I love you. I love you perfectly.
Priyanshi Ahuja
I love you. I love you. I love you.
I say as I stare at the reflection right in front of me.
If I say it enough, maybe I will believe it?
Or at least that’s what my feed tells me.
Maybe if I have the perfectly conditioned slicked back hair, glossed lips, no-makeup perfect skin, I’ll love myself?
Maybe if I journal perfectly every night and drink tons of water I’ll love myself?
Maybe if I have the perfect friends to make the perfect memories with, I’ll love myself?
Maybe if I get the perfect grades and the perfect jobs, I’ll love myself?
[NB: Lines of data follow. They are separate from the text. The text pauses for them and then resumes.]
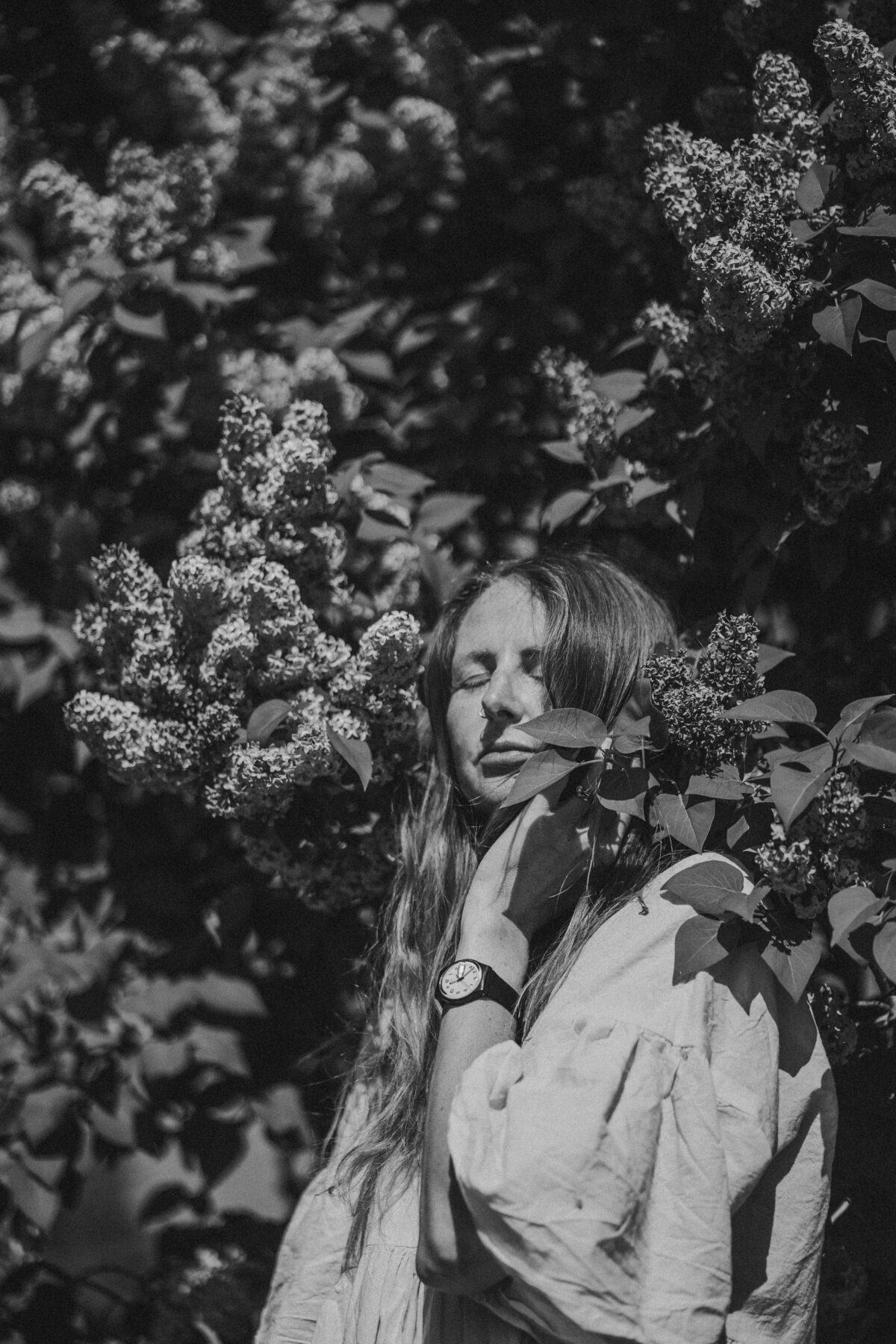 Naomi smiling gently in a leafy setting, symbolizing empowerment and sovereignty over one’s pelvic health journey.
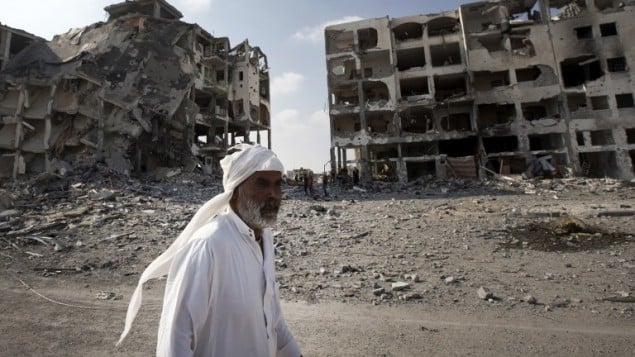 رجل فلسطيني في غزة يسير امام عمارات مهدمة 5 اغسطس، غزة ( AFP/ MAHMUD HAMS) رجل فلسطيني في غزة يسير امام عمارات مهدمة 5 اغسطس، غزة ( AFP/ MAHMUD HAMS)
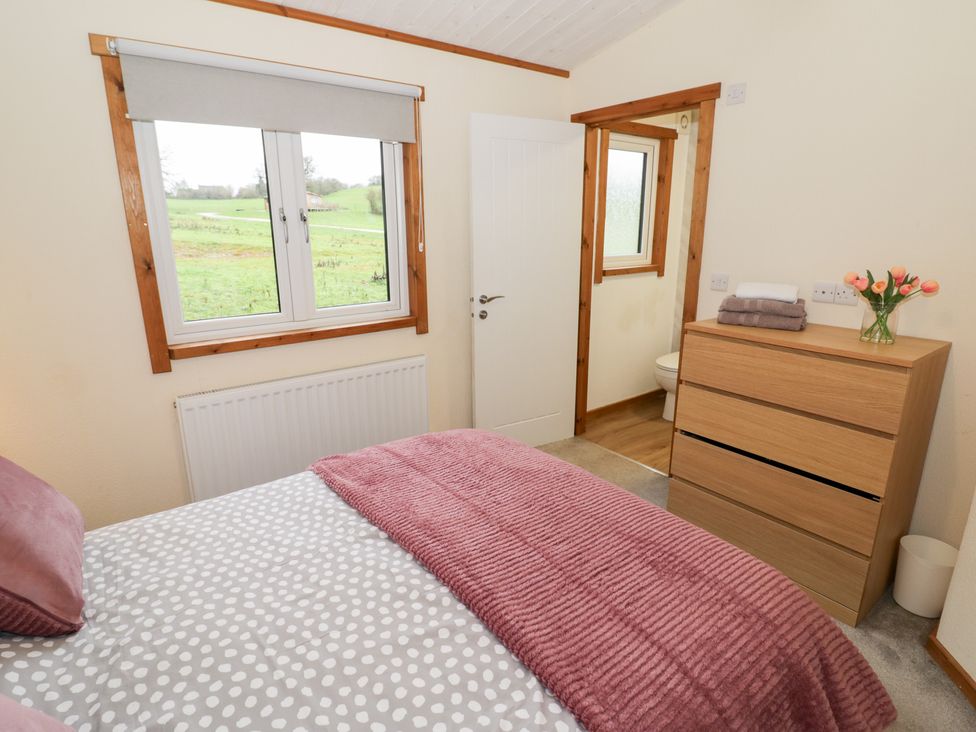 A bedroom with bed and dresser at Cedar Lodge in Rugeley
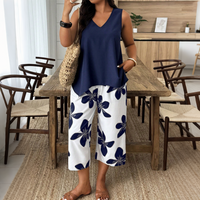 🌸 40% OFF! ✨ Women's Asymmetrical Top & Floral Print Capri Pants Set – Versatile, Vibrant, Comfortable 🌺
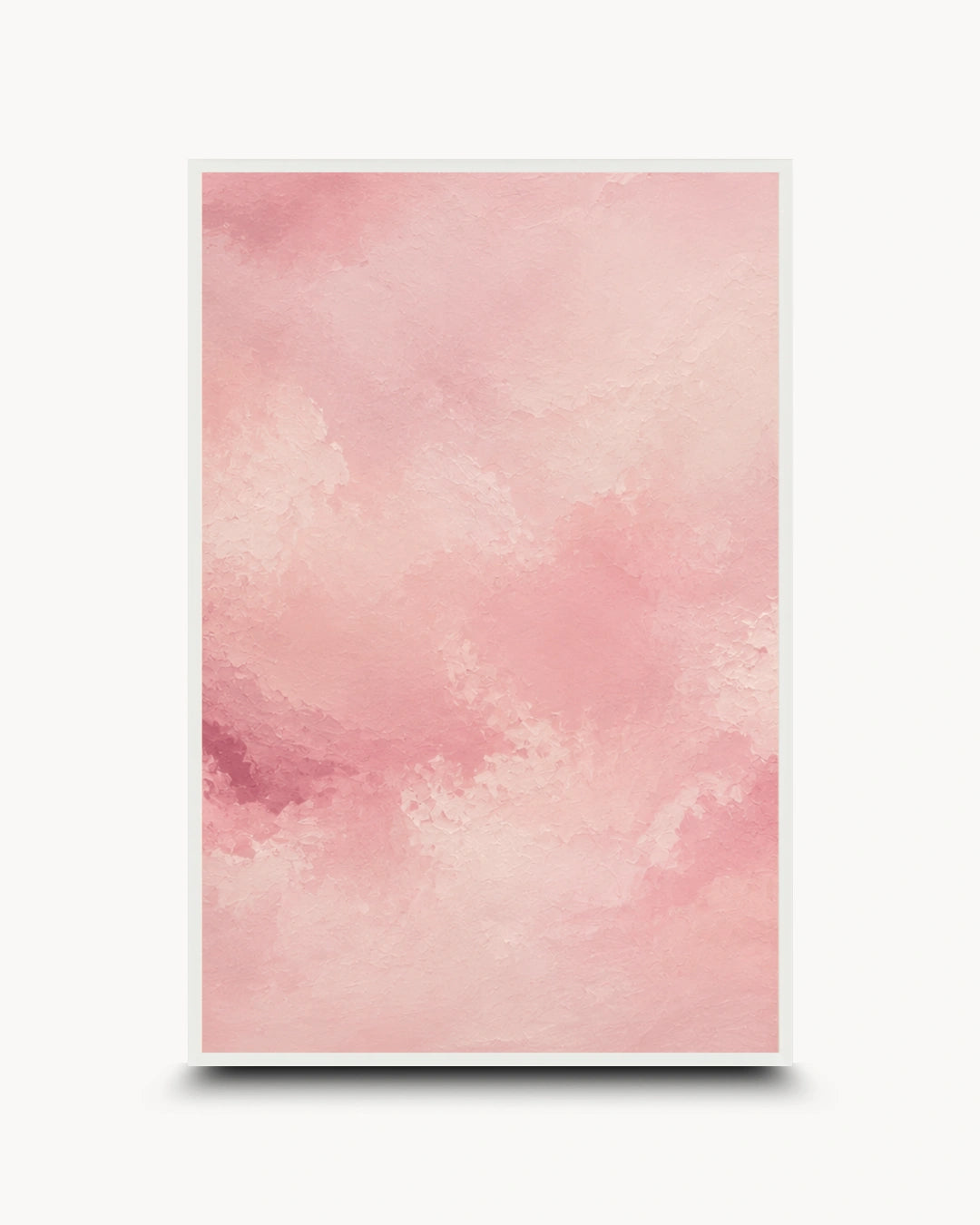 A vertical framed art print featuring a soft pink watercolor texture with subtle tonal variations, displayed against a clean white background with a drop shadow.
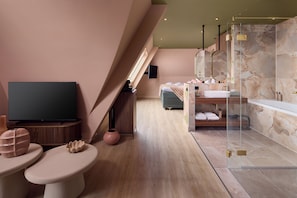 A modern hotel room with a television, a sofa, a bathroom with a bathtub, and a large mirror. - Van der Valk Hotel Texel (De Koog)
Maybe if I have all of the above, and more, and balance it perfectly, I’ll love myself?
But maybe I won’t.
As someone who always needed things explained to me in a tangible way, I didn’t understand what it even meant to love myself. Love other people? I knew how to do that because I’d done it before and I knew it was love. But love myself? I didn’t know how to do it or maybe I did but I didn’t know it was self love. I never really felt the need to understand it before coming to college. At home, I could easily latch onto things I’d known for so long—my family, my best friends, getting into college, etc. But as soon as I got here, all of those slid from below my feet. I was struggling to find a new sense of identity. I turned to everything imaginable—new friends, new on campus organizations, career, instagram, wellness blogs. However, I turned to all of them at once without understanding the importance of moderation. As transient as stuff it is, the whole “perfect plan” I had crafted also slid from under my feet because I couldn’t handle everything at the same time.
I won’t say that I completely stopped paying attention to what instagram was telling me my perfect life should look like. Overtime, I just got tired of it. I got tired of running after some arbitrary destination that I never seemed to get closer to and out of rage, I gave up running. I was angry at “perfection.” I was angry at having to spend my days speeding to get to the next one. That rage made me look at myself in a different way. In a way that I’ve never seen before. I started thinking about what I liked to do and who I was, which I can't even put into words. My need for tangible actions was gone. I started taking myself out on dates. I went to coffee shops and looked around, observing the repetitive yet exciting process of taking orders. Everyone seemed to have a story—someone was running late for work, someone was working on a project and someone was reading a book. I started noticing things that brought me joy—things that external agents didn’t have to get me. I realized that I loved trying to write comedy. I wasn’t any good at it but I loved it. I loved walking in the rain. I loved being able to help people. I loved striking up a conversation with a stranger. I loved asking questions. I loved creating. I loved taking horrible pictures. A lot of these things are nothing special, but I realized that they were me. I loved not being perfect.
I now stare at the reflection in front of me. I say I love you. I love you perfectly.